Monday, April 18, 2011

T*Bux 2010

T*Bux is a term I coined and have been calculating for the past 2 years, which is: the per capita amount each income tax payer in the U.S. owes on one trillion dollars of federal government debt.

The number I have for tax returns in 2010 is 141 million. So T*Bux (2010) is: $1 trillion/141 million = $7092.

I have two different figures for returns in 2009 (132 million and 144 million), so I'll have to figure out what the inconsistencies mean. Before I was using the smaller figure, so I cannot compare this year with prior years. Sometimes IRS data can be confusing.

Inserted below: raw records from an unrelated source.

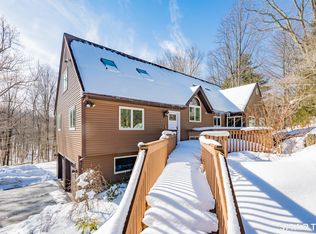 40 Osborne Hill Rd, Sandy Hook, CT 06482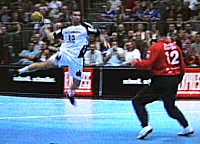 Stefan L�vgren verwandelt gegen Goran Stojanovic.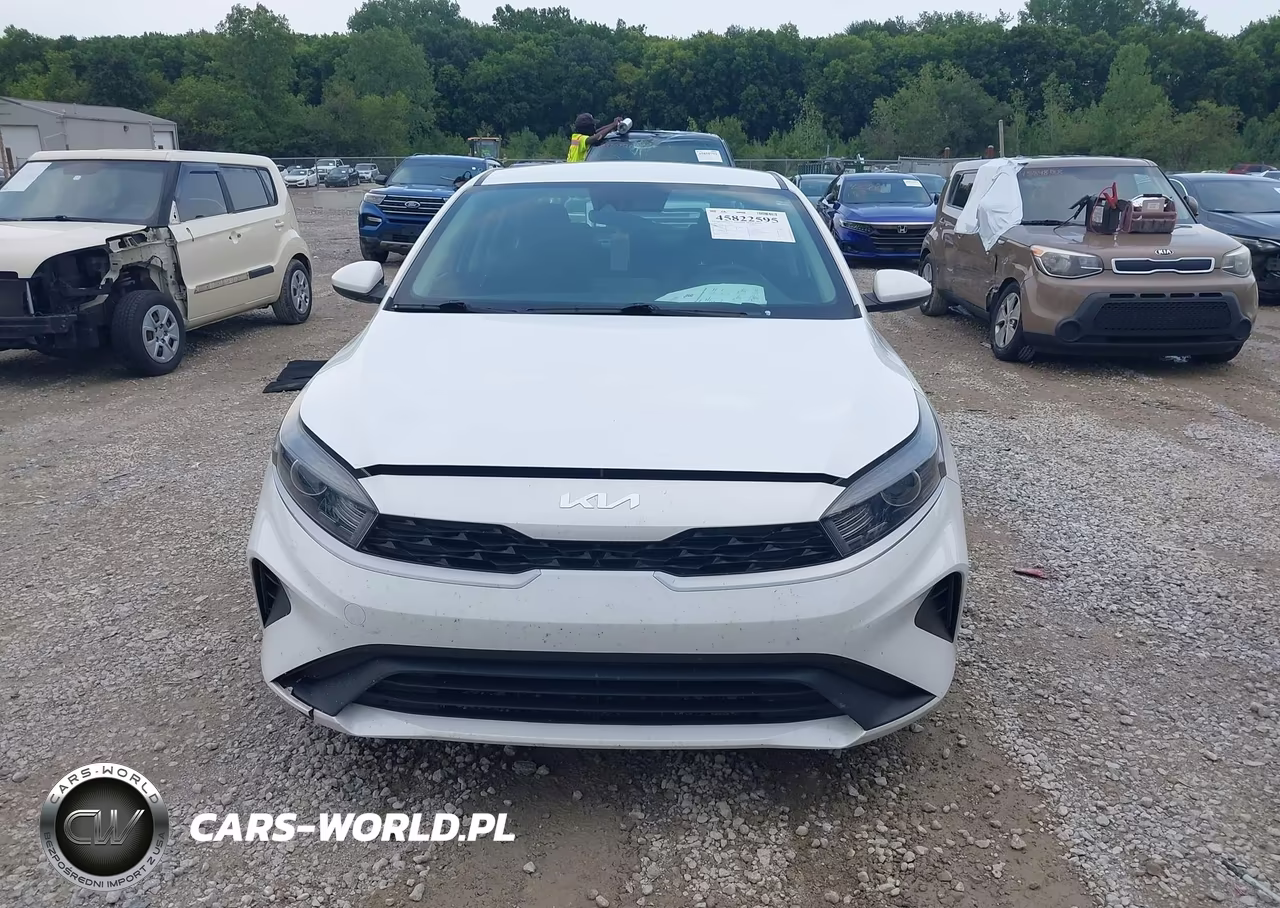 2023 Kia Forte Lxs VIN:3KPF24AD8PE507811 - 13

A rule of thumb, variations in figures notwithstanding, is that for every trillion in government expenditures, taxpayers owe around $7000 per person. for a total federal government debt of over $14 trillion, that's would be $100,000 each. For bank bailouts or national health care packages that run just under a $trillion a pop, that would be somewhere around $6000 per tax filer.

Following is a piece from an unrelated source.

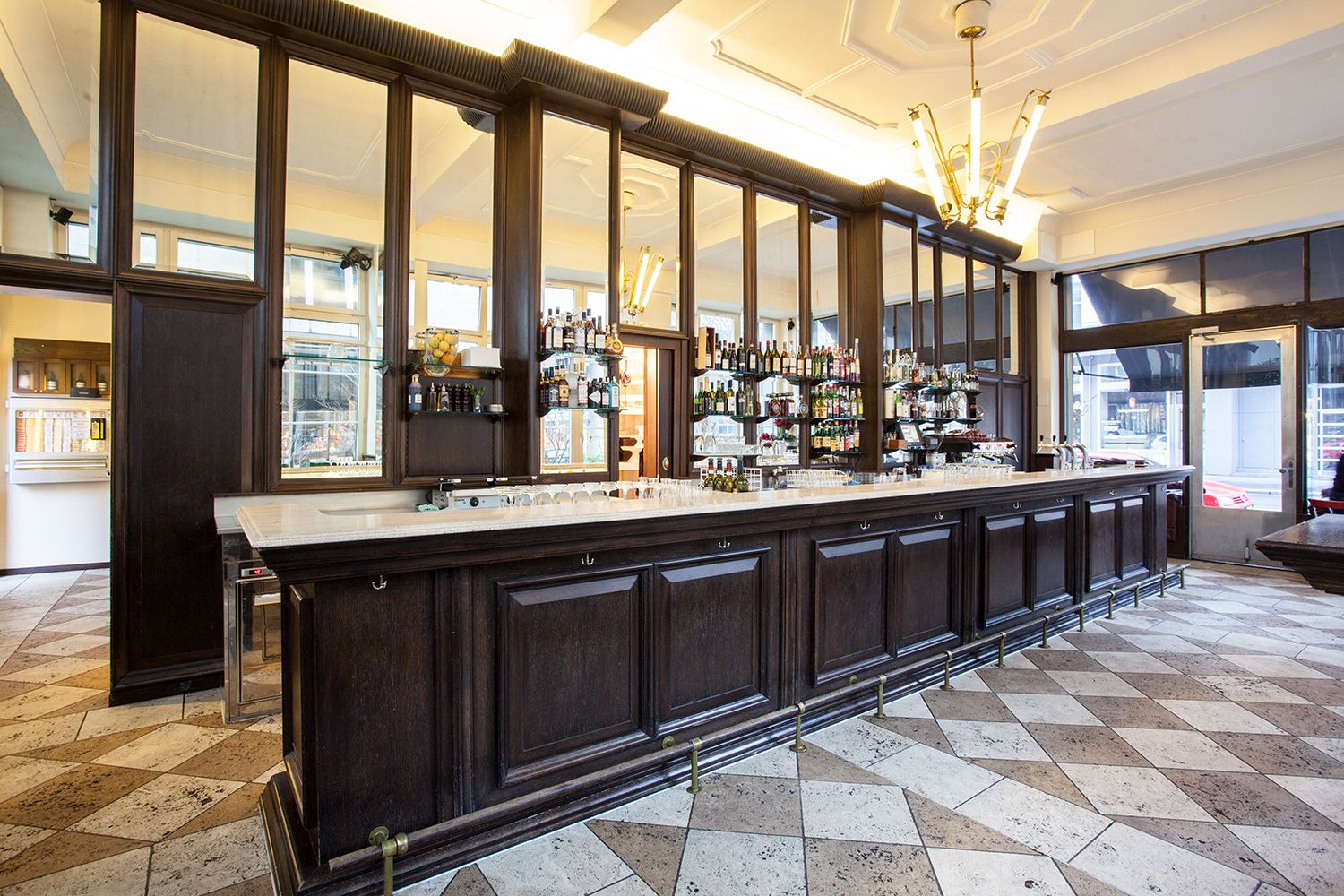 La Stanza in Zürich Adresse & Öffnungszeiten auf local.ch einsehen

Now, what was down quite a bit in 2010, my initial look at the data is indicating--is tax revenues, which are at $2.16 trillion, though this IRS sheet suggests it might be even lower. That is down from $2.3T last year, and $2.5T as a general running average.

The big news today was that the outlook of the AAA credit rating of the Federal Government was downgraded from "stable" to "negative." That riled the stock market a little. My guess is it will recover tomorrow.

The bottom line is: with increasing federal debt and declining federal revenues, in 2010 zero hour drew a little closer.